Nous sommes plein vent arrière et sa force oscille entre 20 et 25 nds. Le Figaro 1 de Stephane est assez léger, ainsi il glisse bien au portant.

Nous surfons avec plaisir de vague en vague, la houle est consistante et nous en profitons bien. Nous remontons quelques places.

Derrière nous, le coucher de soleil est magnifique, ne serait-ce que par ce qu'il a le mérite d'exister après cette journée pluvieuse.

C'est le moment idéal pour réchauffer les repas. Stéphane a prévu des repas appertisés, comme les boîtes de conserve, ces sachets nécessitent juste d'être réchauffé quelques minutes dans l'eau bouillante et c'est mille fois meilleur qu'un repas lyophilisé.

Le menu est choisi, un tajine de poulet au citron confit pour moi et un rougail saucisses et riz pour le capitaine. Nous dînons en terrasse à tour de rôle, c'est incroyable comme un bon repas donne des ailes.

La nuit recouvre petit à petit la flotte qui se réduit à des points lumineux dans l'obscurité. Puis ce sont les dauphins qui nous accompagnent un long moment comme pour nous signifier que nous ne sommes pas seuls.

Les surfs s'enchainent et vers 2 heures du matin, nous arrivons dans l'obscurité au phare des Birvideau. Heureux de ce long bord de glisse, nous affalons notre spi avec la crainte qu'il ne serve plus jusqu'à l'arrivée.

Après être descendu, il faut bien remonter

"Il y a de l'eau autour du phare ? "Me lance Stephane

"Si tu ne le touches pas des bouts des doigts, c'est moi qui te tape sur les doigts ! " Et chose insensée en plaisance, dans l'obscurité nous contournons au plus près, un mur sombre et colossal où s'écrasent quelques vagues.

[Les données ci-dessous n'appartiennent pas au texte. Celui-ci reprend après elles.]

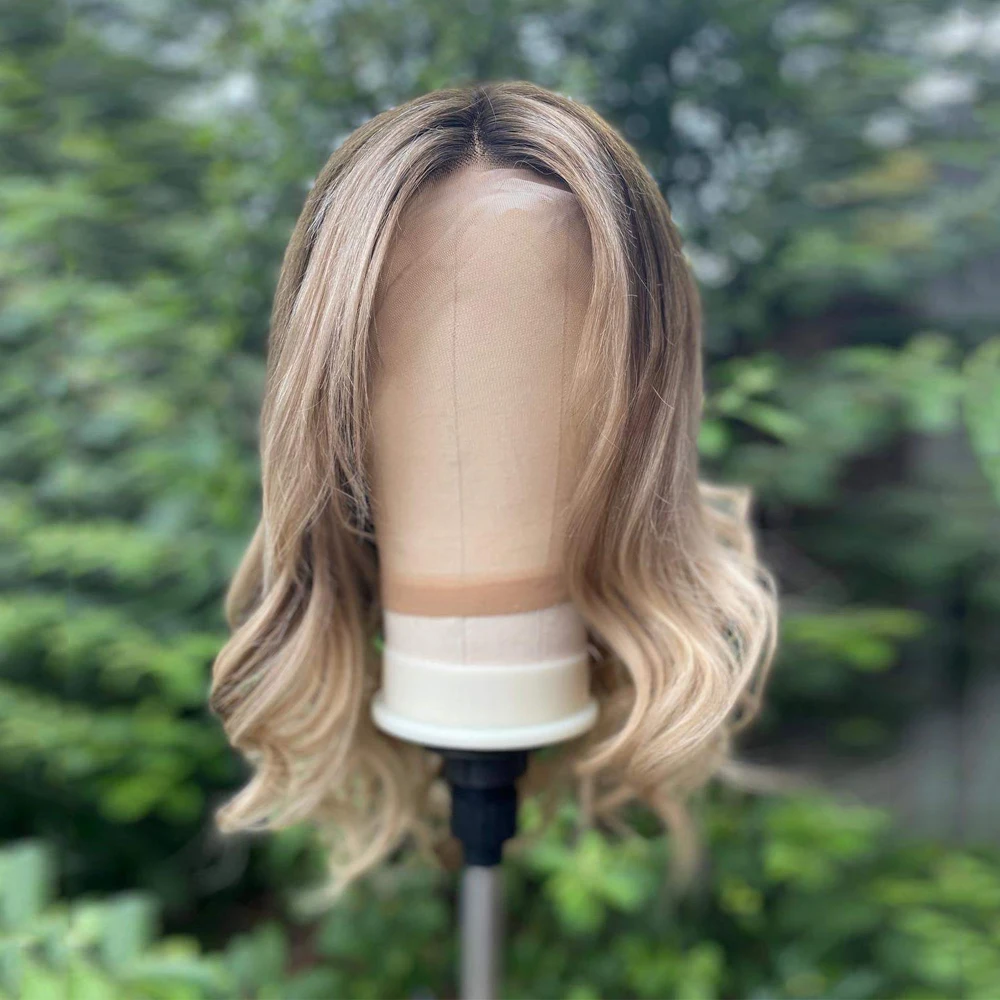 Parrucche sintetiche marrone scuro Biondo cenere Balayage Evidenzia miscela Parrucca di capelli umani 13x4 Parrucca anteriore in pizzo Glueless Wear & Go Perdita di capelli delle donne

À mesure que nous tournons autour du phare, nous bordons nos voiles jusqu'à retrouver cette allure penchée et froide qui caractérise si bien le prés.

Le vent est quasiment dans l'axe du parcours, un long louvoyage qui nous attend. Il est 3 heures du matin et à mesure que nous approchons la cote, le vent baisse d'intensité.

Au petit matin dans les Coureaux de Groix, au coude à coude avec un Pogo 8.50, le vent s'absente même quelques instants.